Kurdish Islamist cleric says he would support Iran if war breaks out with US

“If a war takes place between Iran and the US...we will indeed be on the side of Iran.”

ERBIL (Kurdistan 24) – Controversial Norway-based Kurdish cleric Najmuddin Faraj Ahmad, known as Mullah Krekar, has said he would support Tehran against the “infidels” if a war breaks out between Iran and the United States.

“If a war takes place between Iran and the US – or Iran and Russia; Iran and France; Iran and China; Iran and any other infidel [state] – we will indeed be on the side of Iran,” Krekar said in a speech published on YouTube on Tuesday.

The controversial figure compared the recent tensions between Tehran and Washington to the Iran-backed Hezbollah group’s fight in Lebanon against Israel.

Krekar said that although the group has suppressed Sunni Muslims in Lebanon and Syria, that “behavior does not turn us against Hezbollah.”

Nevertheless, Krekar described the recent developments as a “game of words,” adding he did not expect a war between the US and Iran because President Donald Trump “is not after war, he is a businessman.”

On Friday, Trump completed the sale of over $8 billion worth of weapons to Saudi Arabia, the United Arab Emirates, and Jordan amid the Iran standoff, Reuters reported.

Although there is ongoing speculation that Trump wants a war with Iran, the US president has made it clear several times that he does not want the conflict to escalate.

Dr. Nahro Zagros, the Vice President of Soran University for Scientific Affairs, said Krekar’s statement was unusual, considering the fact he is a Sunni preacher defending a Shia-dominant regime.

“He is an ultra-Sunni, and yet he is supporting Iran in this conflict, which is a bit weird,” Zagros told Kurdistan 24.

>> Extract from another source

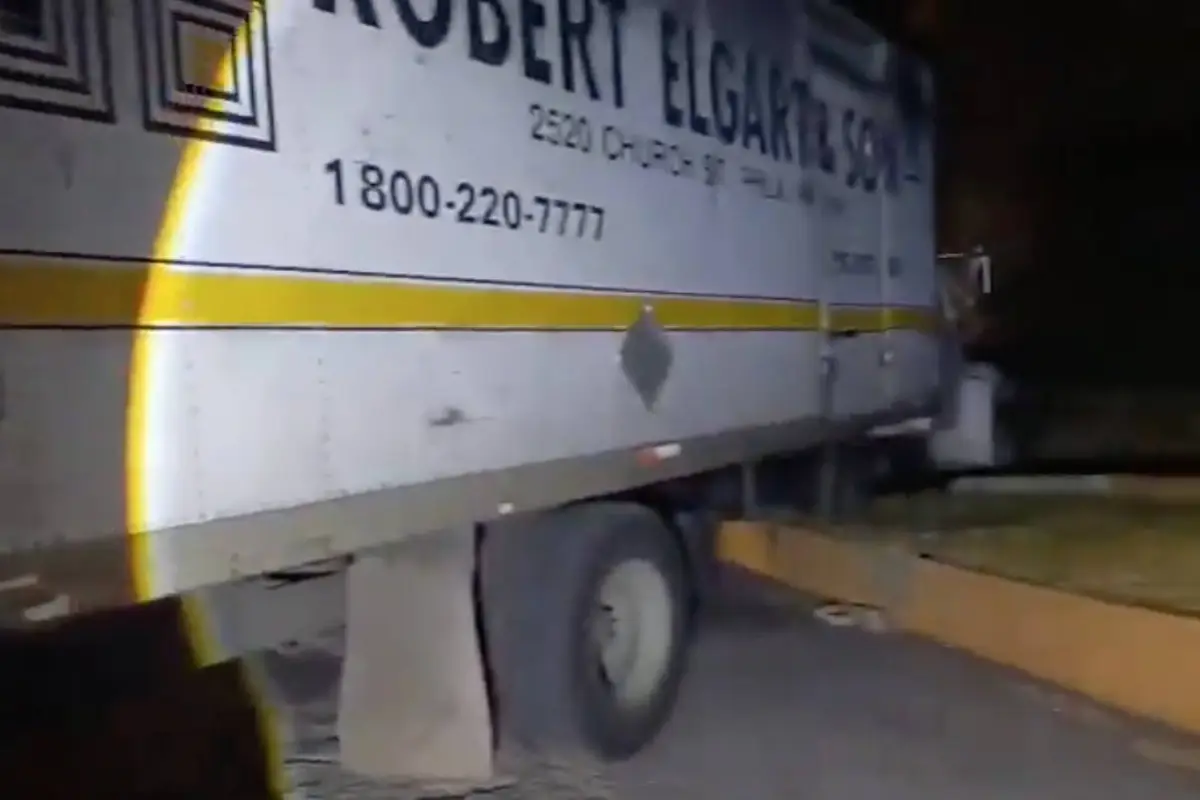 El camión se encuentra en el Km. 23 de la CA-9., PMT de Villa Nueva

“But, it tells you how this tension and fight in [the entire] Middle East is shaping in a different way that we never thought before.”

Krekar is the former leader of the extremist Islamist Ansar al-Islam group that the US targeted during its liberation of Iraq in 2003.

Zagros suggested Krekar’s comments are related to his ambitions to return and live in the region.

“I don’t think he is very happy where he is and still thinks he can come back and gather support for his belief and ideology.”

Krekar has lived in Norway since 1991. The Scandinavian nation has been unable to legally deport him since there is a death penalty in Iraq.

Krekar was jailed several times for death threats in 2012, and for praising the Charlie Hebdo shooting in Paris, France, in 2015.

In 2017, an Italian court brought a terrorism case against Krekar and five others, but it has been postponed several times.

The cleric continues to release regular statements in exile through his official website and social media, including on recent political developments.